--- Listed entries ---
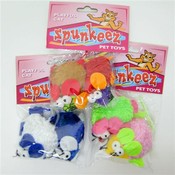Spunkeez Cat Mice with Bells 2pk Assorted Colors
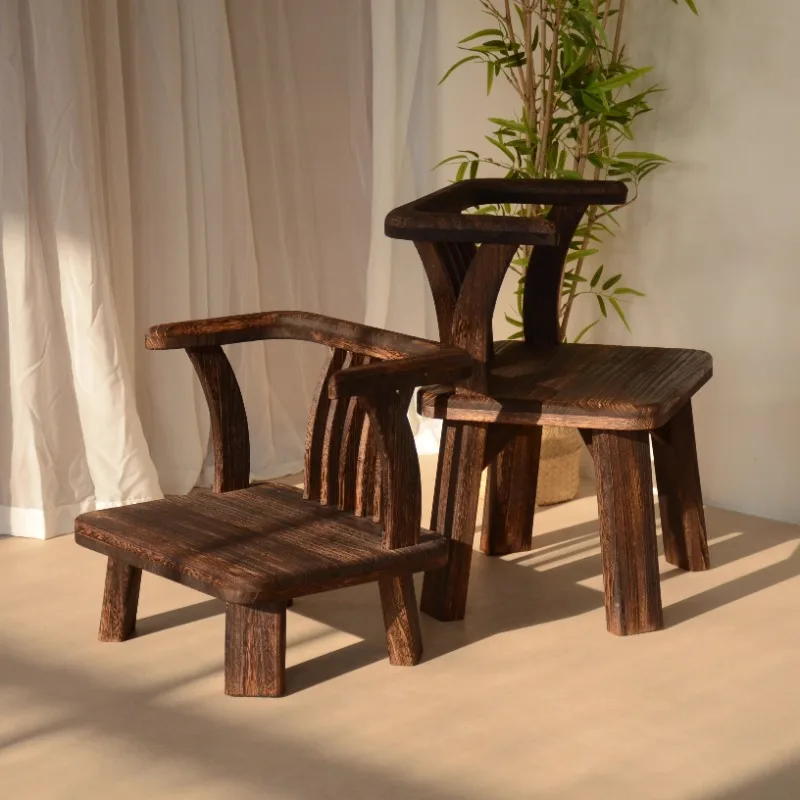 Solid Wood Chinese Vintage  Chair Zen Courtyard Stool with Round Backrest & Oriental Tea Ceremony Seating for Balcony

--

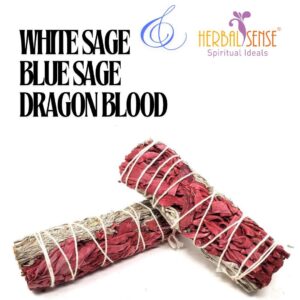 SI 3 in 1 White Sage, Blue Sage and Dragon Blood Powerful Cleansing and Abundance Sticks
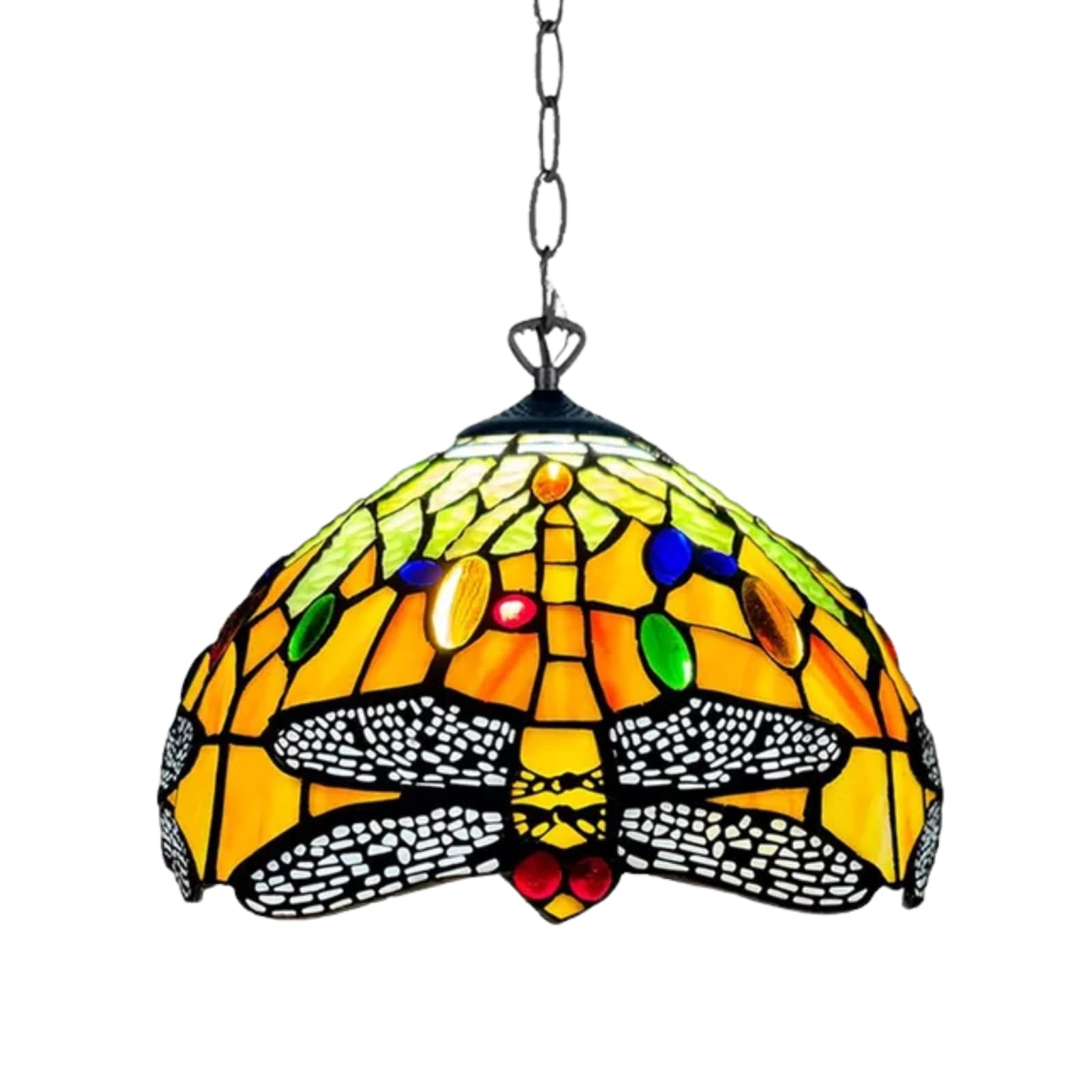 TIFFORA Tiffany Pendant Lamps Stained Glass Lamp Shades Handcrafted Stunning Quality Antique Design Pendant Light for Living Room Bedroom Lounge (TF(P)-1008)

--- Task brief ---
Reproduce word for word, with pictures dropped, only the part of the material above that opens with the line containing "Spunkeez Cat Mice" and closes with the line containing "Solid Wood Chinese".

--- Result ---
Spunkeez Cat Mice with Bells 2pk Assorted Colors
 Solid Wood Chinese Vintage  Chair Zen Courtyard Stool with Round Backrest & Oriental Tea Ceremony Seating for Balcony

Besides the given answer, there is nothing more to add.